If anyone tried to demand I warp normal English usage by using wrong-sex pronouns I'd just say 'I'm going through menopause and I can't even get my own child's name right so you've got no chance, sorry, just can't do it these days'.

Then they have a choice to accept that it's too big a demand for me or to have a temper tantrum. But it's a hard no. Not only do I recognise I couldn't do it if I wanted to (most people can't, not consistently), I also don't want to and think there are safeguarding reasons why wrong-sex pronouns can be dangerous too, especially for children. That's far more important IMO than one bloke's mild discomfort if someone recognises his sex in language.

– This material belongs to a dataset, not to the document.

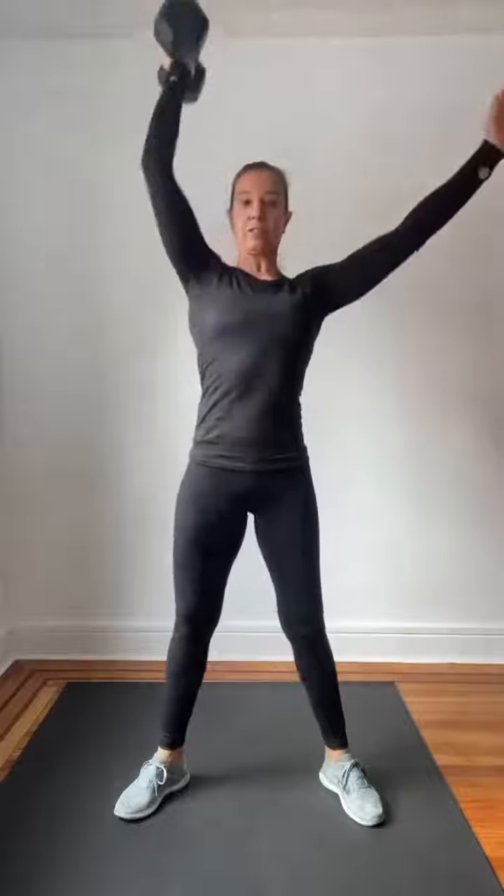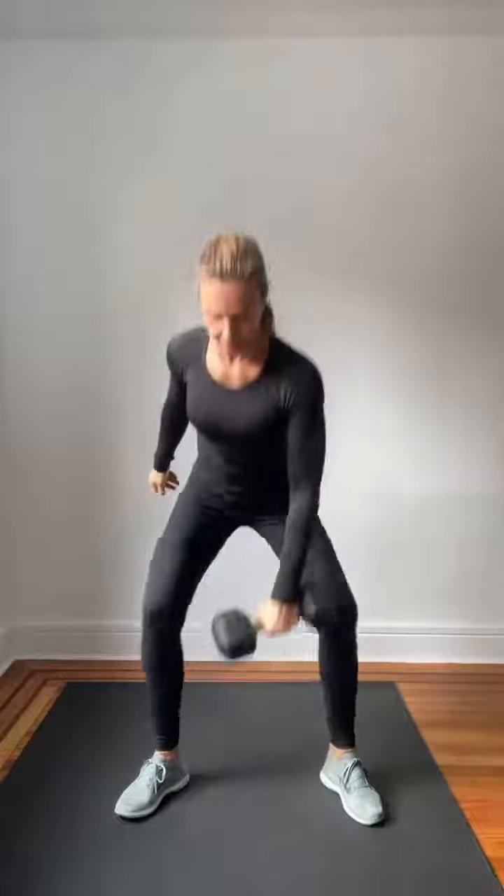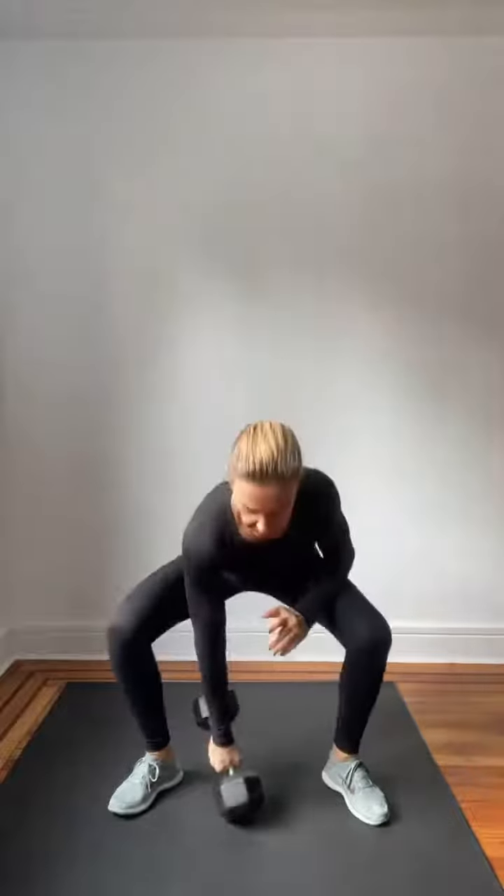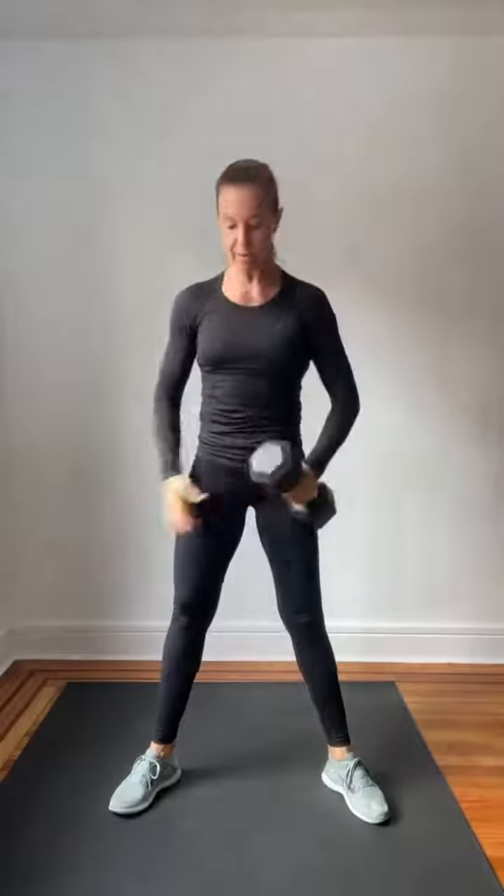Hi everyone, today's move of the week is alternating one arm clean and press right here. You're going to do this for 10 minutes non-stop, making this a quick and effective full body workout.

Also, this whole idea that people using a language in the way they always have is 'hate' is extremely harmful to people's mental health. The ideology positively destroys normal human resilience.

I have lots of people calling me things I'm not that keen on all the time, most people do ('hey you', 'love', 'miss', the pet's name). But we just get on with life because we're not the main character in a movie all about us and everyone else supporting cast.

FourSevenTwo · 01/02/2026 00:59

@WearyAuldWumman
Yes, it is a Slavic language.

I'm planning avoidance. My feminist me wanted to play with the gender-free ways of my language for other purposes anyway. With the past tense there is a trick - never let that person be a grammatical subject in your past tense.
Instead of Where were-masculine/were-feminine you yesterday? I can ask How was your day yesterday? And instead of Have you read-masculine something interesting? I can say Have any interesting book managed to cross your path recently?

And if someone asks if I'm taking the piss, I can say "obviously " in Severus Snape voice.

OP posts:
FourSevenTwo · 01/02/2026 01:07

Pinkissmart · 01/02/2026 00:43

Honestly, will it hurt you to call people what they want to be called? Doesn’t mean you believe they have changed sex, and doesn’t hurt you to call them by their choice of name.

I'm not able (nor willing) to consistently use grammar in the femininum form for male. If I just use their preferred name as you suggest, it would sound absolutely mocking.

Have you played-masculine yet, Alex-feminine?